7 августа. Похороны. Целый день дождь. С утра поехали с Инной в магазин и на рынок. В 11 утра встретились с Параджановым, который оказался в Москве, и поехали за похоронным автобусом. С ним поехали в морг. Вынесли Л.Ю. Сережа положил на нее ветку рябины, что оказалось красивее всех гладиолусов. Гроб погрузили и поехали в Переделкино. Поставили его на террасу. Народу набилось масса. Все длилось час. Говорили Плучек, Симонов, Шкловский, Тамара Владимировна, Юля Добровольская, Рита Райт, Соня Шамардина.
Виктор Шкловский сказал: "Они пытались вырвать Лилю из сердца поэта, а самого его разрезать на цитаты".

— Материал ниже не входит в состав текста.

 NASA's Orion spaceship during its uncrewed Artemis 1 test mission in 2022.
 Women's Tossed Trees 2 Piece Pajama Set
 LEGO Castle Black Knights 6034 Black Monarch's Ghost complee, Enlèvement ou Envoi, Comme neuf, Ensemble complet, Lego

Снова пошел дождь, народ попрятался по кустам, но я высунулся из окна второго этажа и крикнул, чтобы все зашли в дом.
Кого я помню в Переделкино? Луэлла, Лева, Муха, Плучеки, Симоновы, Сережа и Сурен, Катерина Алексеевна, все Ивановы, Мирочка с Олегом, Зархи, Юлия Ивановна, Парнис, Плотниковы, Строева, Штоки, Муза и Бурич, Рита Райт, Шкловские, С.Шамардина, Сара Ефимовна с мужем, Алигер с Машей, Зильберштейн и Волкова, Макс Леон, Карло Бенедетти, Юля Добровольская, Паперные, Тася, Миша Сидоров, Нат.Федоровна, Люся Орлова и Анна Наумовна, Клара, Миша, Неля и Владик, Леня Зорин, Семен Рувимович, Серж Лерак и многие, которых я не знаю.
В крематорий приехали Роберт Форд, Вива Андроникова, Н. Брюханенко, Н. Денисовский, Карцов с Ириной и еще кое-кто.
Перед кремацией выступили Алигер и Зархи.
Попрощались с Л.Ю. папа, я, Инна, Мирочка, Тася. Больше не подошел никто.
Потом поехали к нам. Столы были накрыты на террасе. Я сказал: "Земля да будет ей пухом" и попросил минуту молчания. Лариса Симонова произнесла тост за папу. Дальше Параджанов говорил путаные и витиеватые, но чем-то интересные спичи.
Мы с Инной валились с ног.
10 октября. У нас некрологов на смерть Л.Ю. не было, а за рубежом во Франции, ФРГ, Италии, США, Швеции, Канаде, Чехословакии, Польше, Японии, Индии...
"То, что стояло стеной перед Маяковским, то ничтожное, но могущественное, что давило на него на протяжении всей его жизни, обрушилось на нее. И хотя бесконечно продолжались злые и нелепые инсинуации, она оставалась непоколебимой хранительницей возженного ею огня, хрупкой, но не сдающейся защитницей мертвого гиганта".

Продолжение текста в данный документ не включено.